If you have never seen the red planet Mars through a telescope and would like to do so, then there is no better time than when the planet reaches opposition. Why is this so important? Simply because Mars will be closer to the Earth, and this means that Mars will appear larger when viewed or imaged through telescopes. A larger planet presents better opportunities for viewing small features that are usually hard to see: polar caps become easily visible, and larger features like Syrtis Major have more clarity and structure is easier to discern.

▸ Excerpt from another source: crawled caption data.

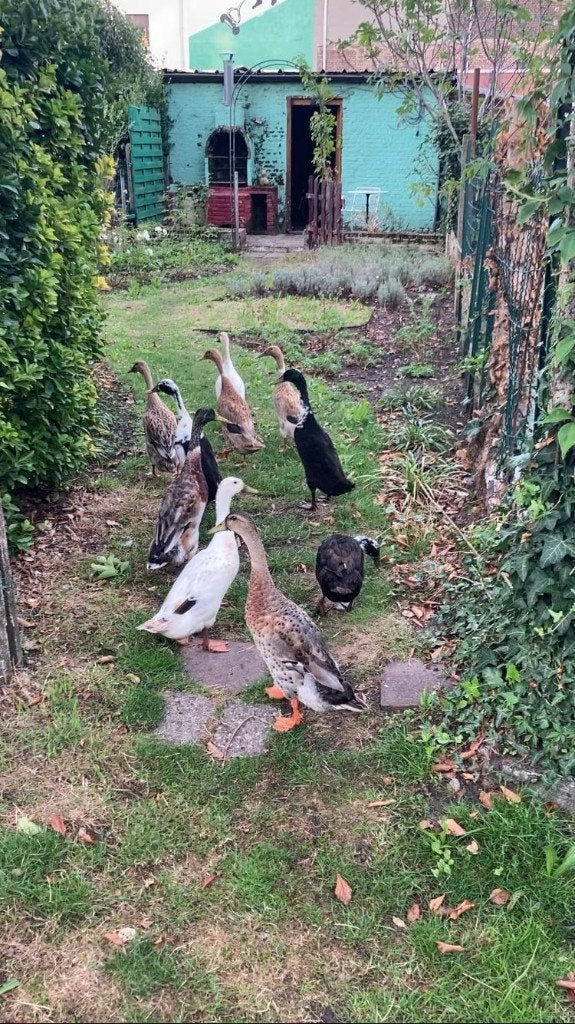 Indische loopeend man een vrouw, Dieren en Toebehoren, Pluimvee, Meerdere dieren, Eend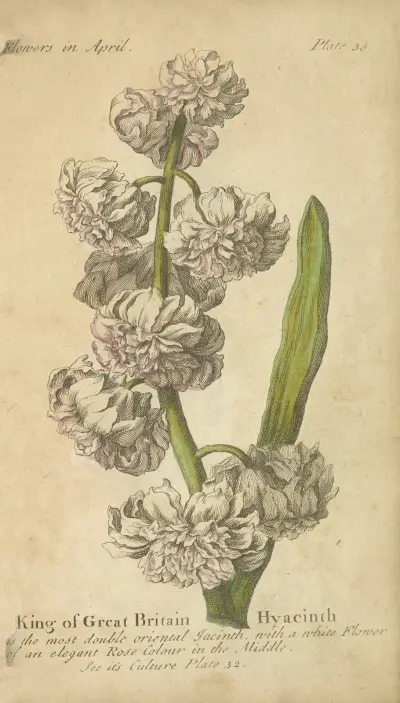 King og Great Britain Hyacinth av J. Duke
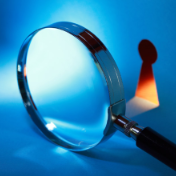 云南成立调查组严查冻干草莓产业链违法违规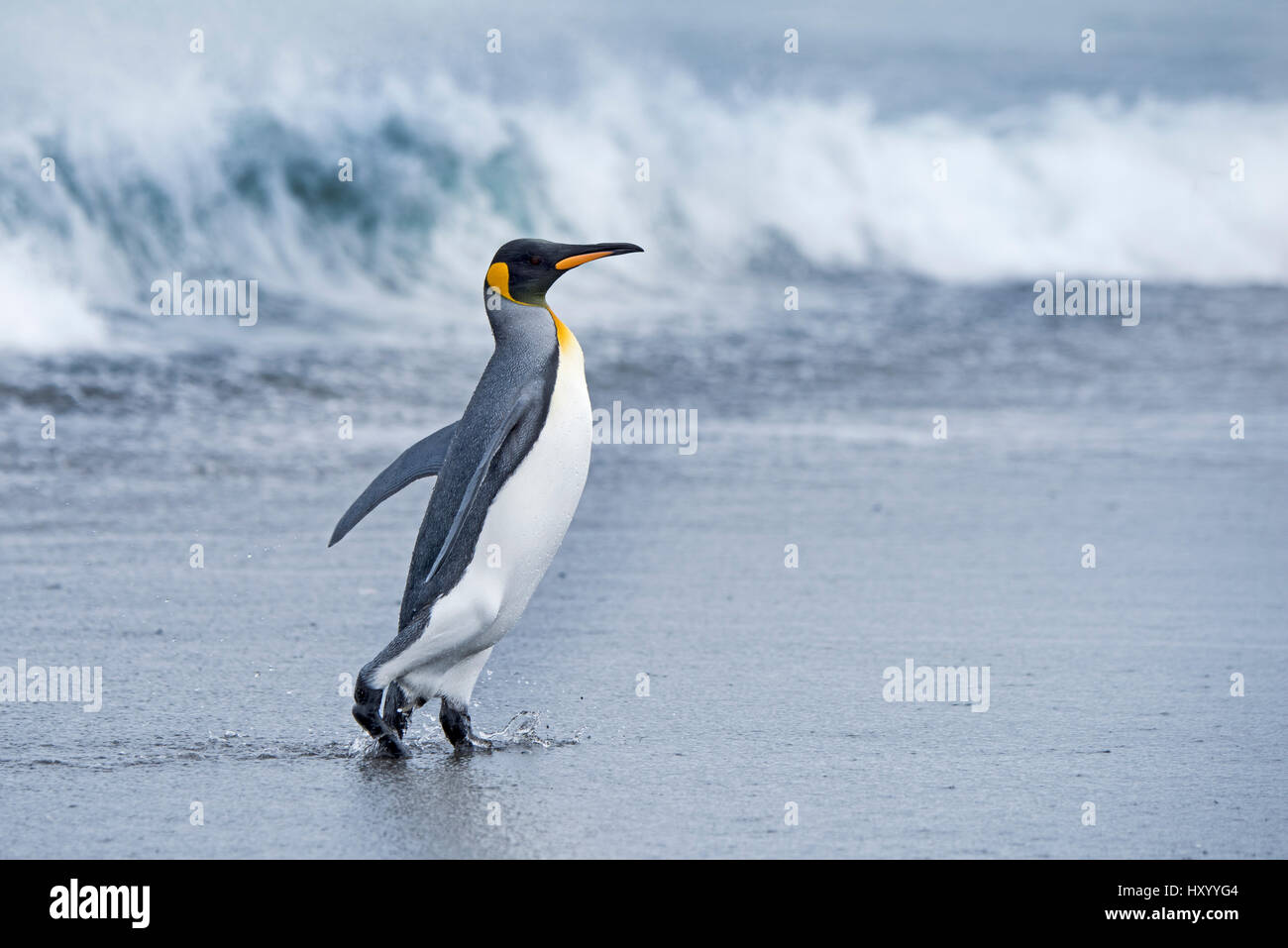 Manchot royal (Aptenodytes patagonicus) de marche de la mer. La plaine de Salisbury, la Géorgie du Sud. Janvier. Banque D'Images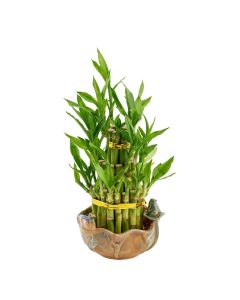 Love & Luck Bamboo Plant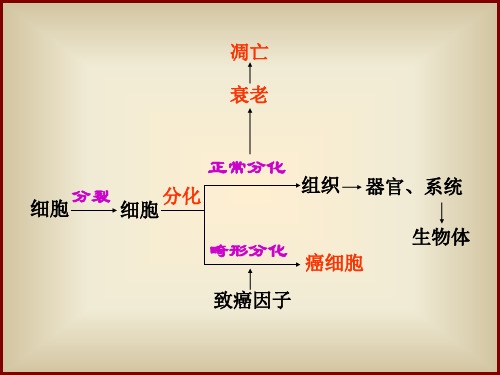 细胞增殖分化衰老和癌变32页PPT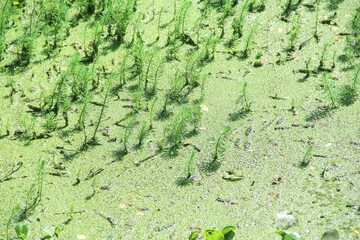 Green hydrilla verticillata water weed in river natural background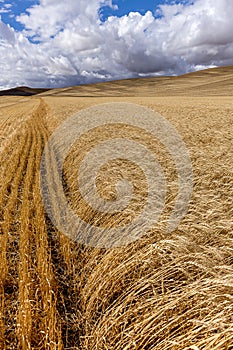 Rows of wheat in the Palouse.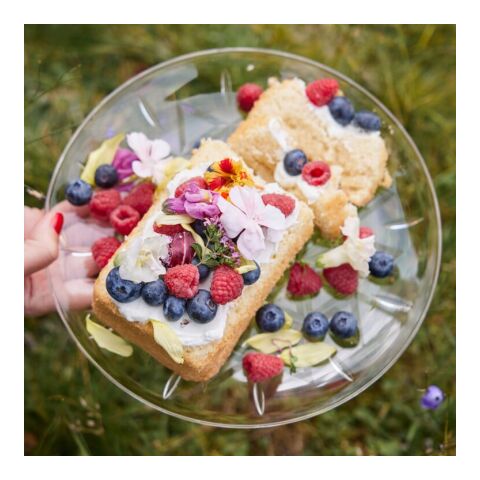 Paquete de 4 platos pequeños Picnic de Sagaform Transparente | sin montaje de publicidad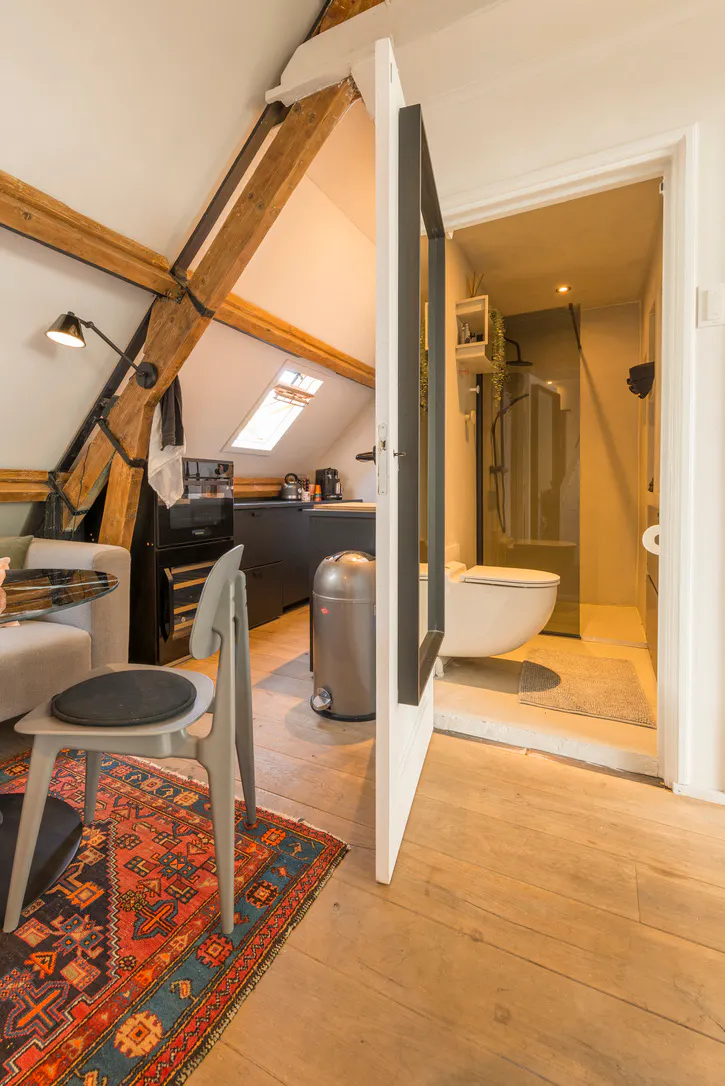 1-Bedroom Apartment in Petrus Dondersstraat, Eindhoven (1611702) ROOM 1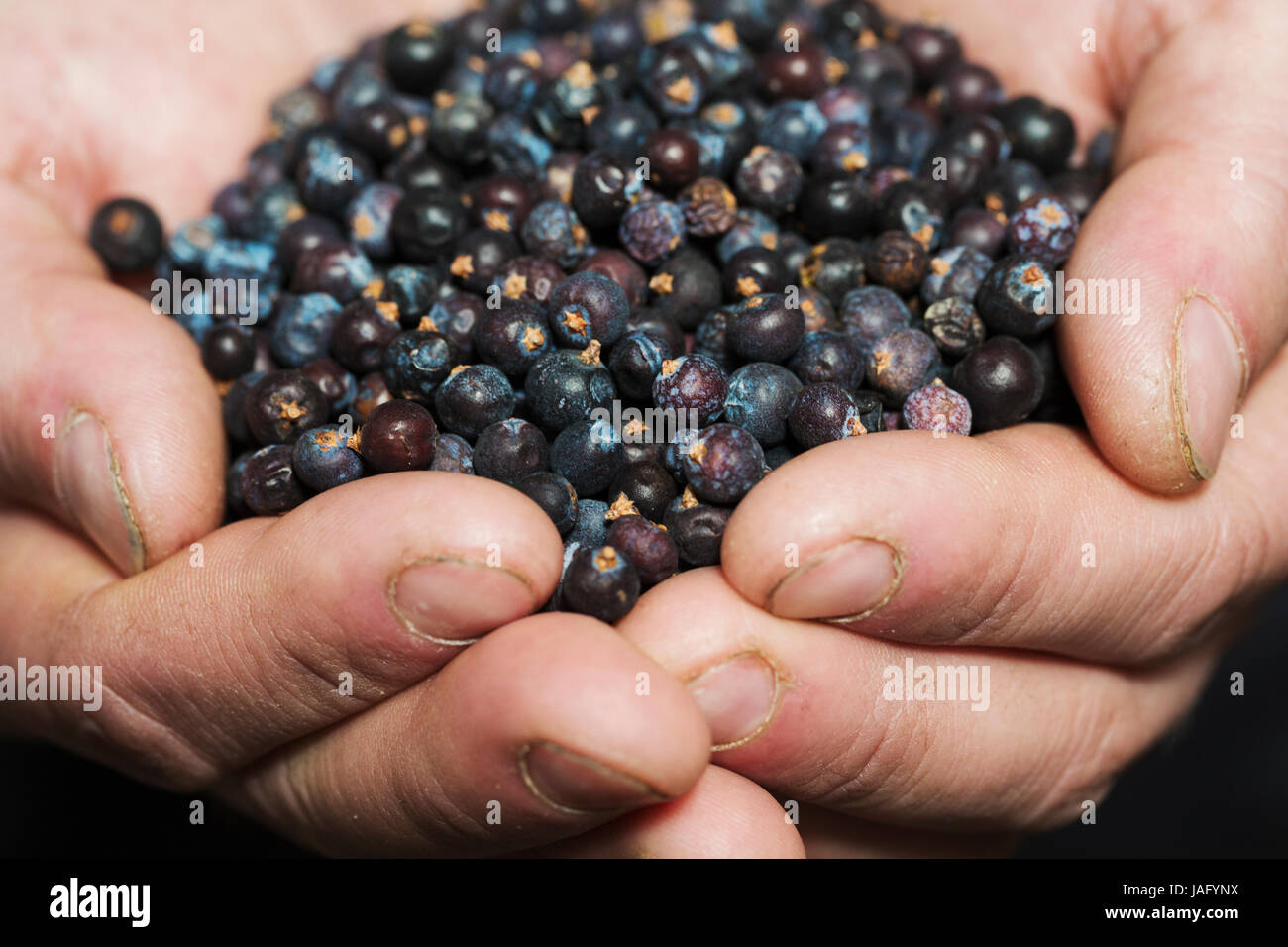 Nahaufnahme von Menschenhand mit Wacholderbeeren verwendet Craft Biere. Stockfoto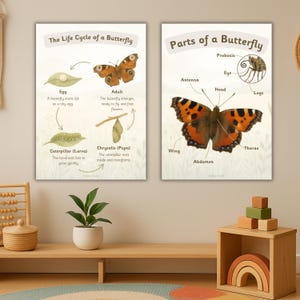 May include: Two educational posters about butterflies. One shows the life cycle, including egg, larva, pupa, and adult stages. The other poster illustrates the parts of a butterfly, such as the antenna, wings, and abdomen.
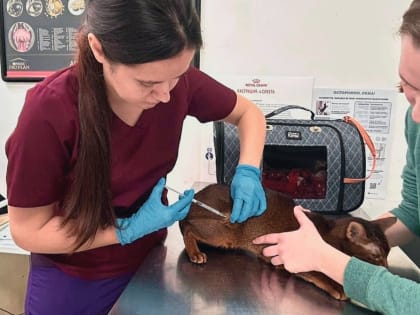 Для братьев наших меньших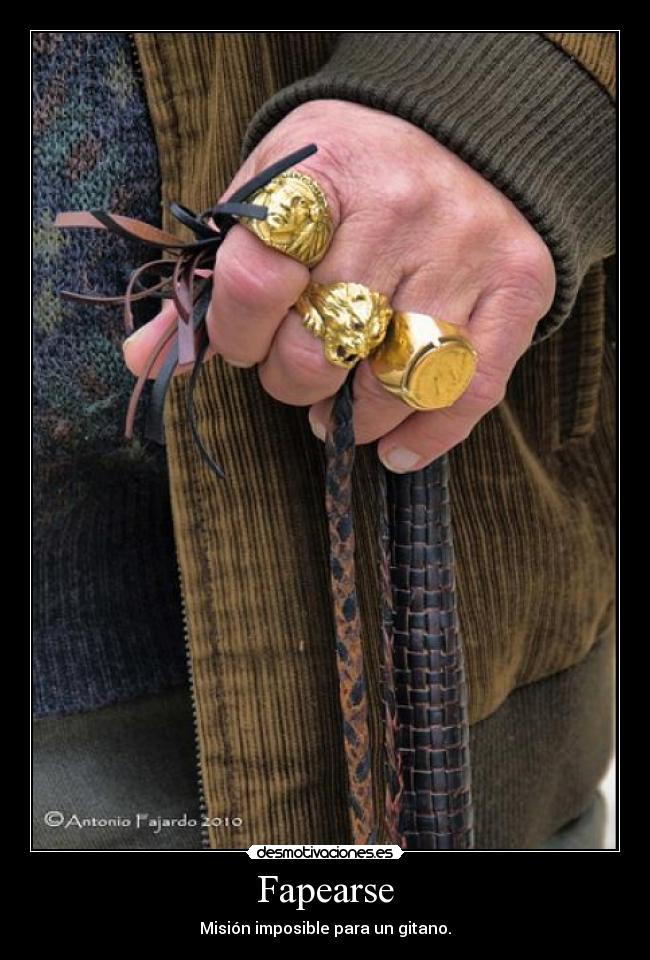 carteles gitano desmotivaciones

 Mars Imaged by Michael Petrasko on 10-02-2005 with a C11 SCT and Celestron NexImage Planetary Camera
Mars Imaged by Michael Petrasko on 10-02-2005 with a C11 SCT
 and Celestron NexImage  Planetary Camera

Luckily this spring Mars will reach opposition on April 8, 2014. So now's your chance to take advantage of this opportune moment. Keep in mind, however, that Mars still appears fairly small in scopes (when compared to the likes of Jupiter or Saturn, that is). We have had the opportunity to observe and image Mars ourselves many times in the past from our backyard remote robotic telescopes and it has always been a fascinating object... Viewing the surface of another planet does wonder in stirring up the imagination! Find out for yourself what Percival Lowell and Carl Sagan found so alluring about our red neighbor.